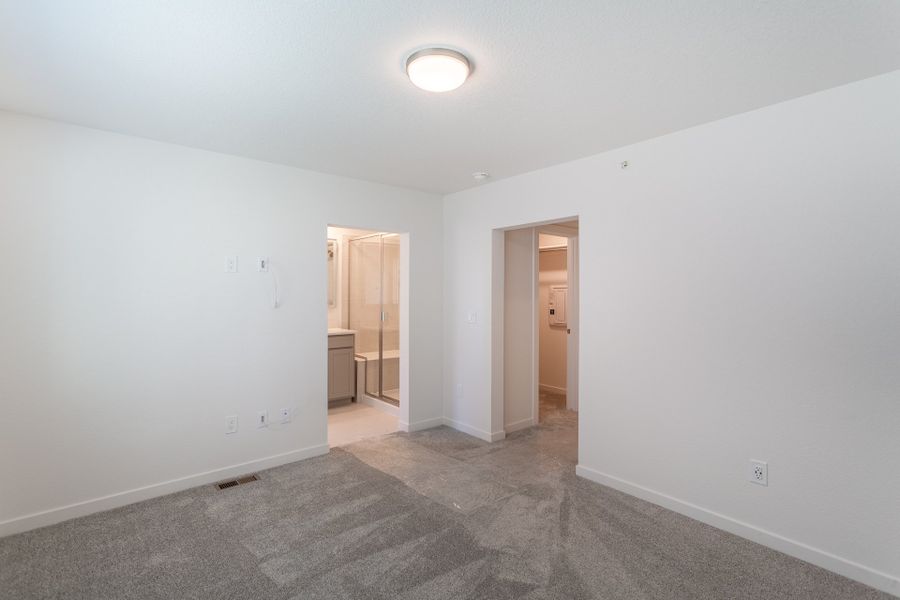 Representative unfurnished interior of a home built from the Conrad by Lokal Homes in The Vistas at West Mesa, Colorado Springs (Image 11).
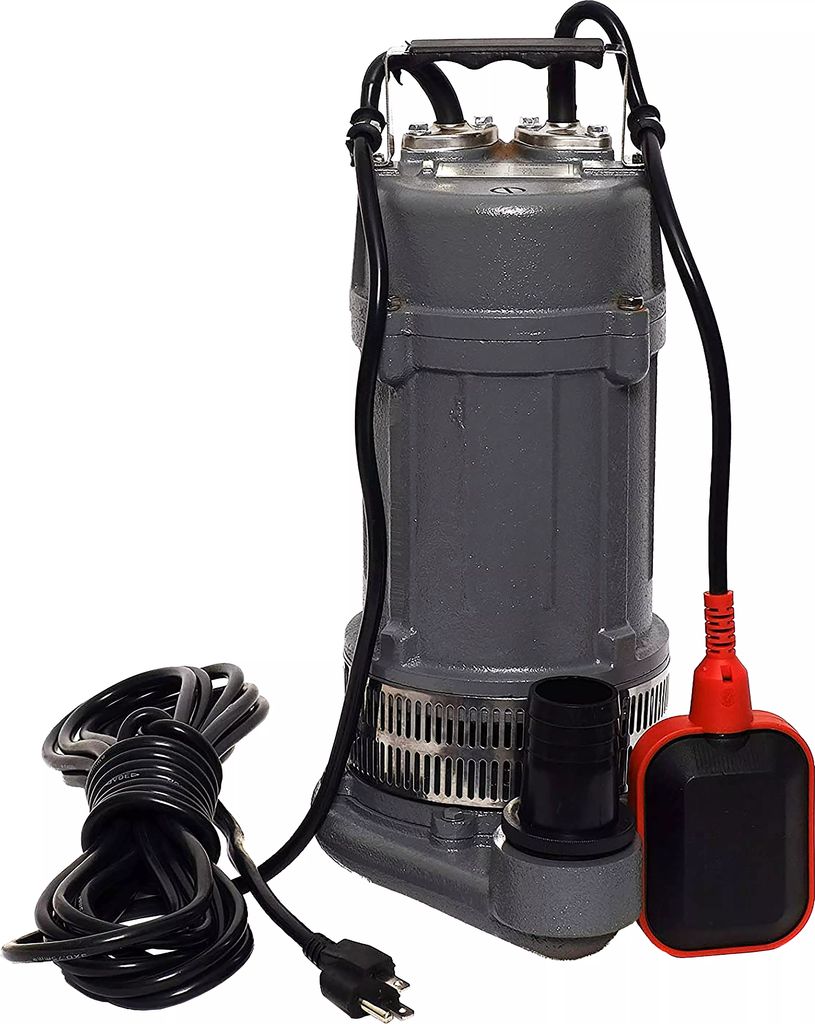 BOMBA SUMERGIBLE 1/2 HP DESCARGA 1" 370 W ALTURA 18.5 MT CON FLOTADOR, IGOTO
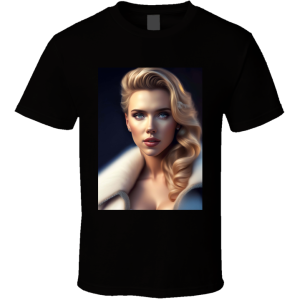 Scarlett Johansson 2 ( Digital Art ) T Shirt
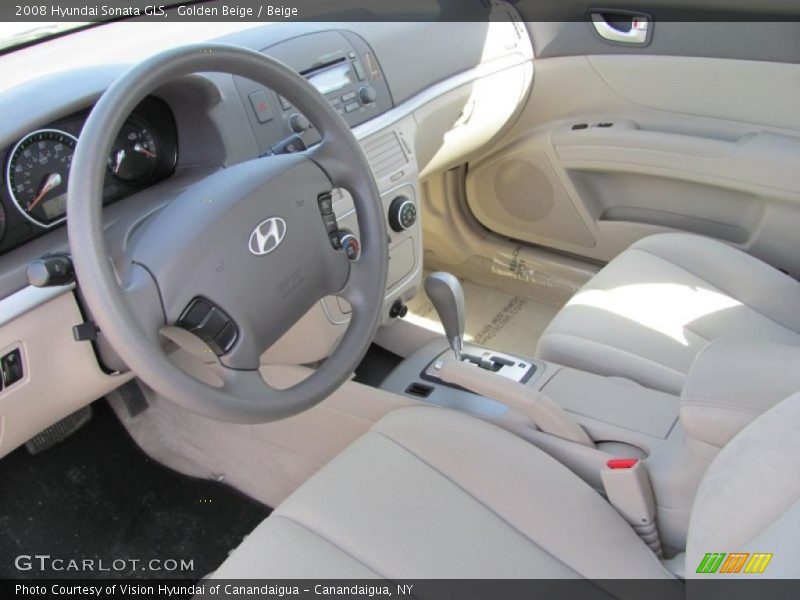 Golden Beige / Beige 2008 Hyundai Sonata GLS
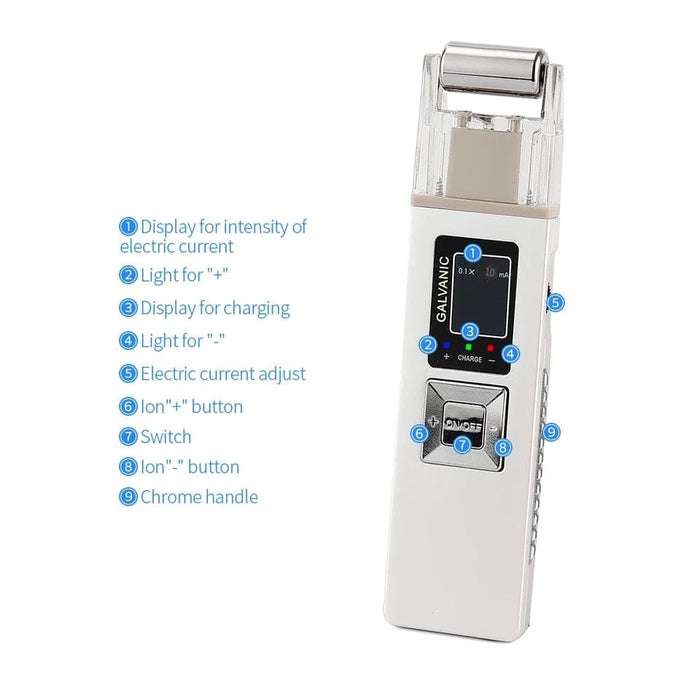 Portable Galvanic Microcurrent Skin Firming Machine Anti-age Massager Skin Care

· · · · · · ·

> _Task directions_: Pictures stay out; repeat all the rest of the records exactly.

> _Worked solution_:
 Representative unfurnished interior of a home built from the Conrad by Lokal Homes in The Vistas at West Mesa, Colorado Springs (Image 11).
 BOMBA SUMERGIBLE 1/2 HP DESCARGA 1" 370 W ALTURA 18.5 MT CON FLOTADOR, IGOTO
 Scarlett Johansson 2 ( Digital Art ) T Shirt
 Golden Beige / Beige 2008 Hyundai Sonata GLS
 Portable Galvanic Microcurrent Skin Firming Machine Anti-age Massager Skin Care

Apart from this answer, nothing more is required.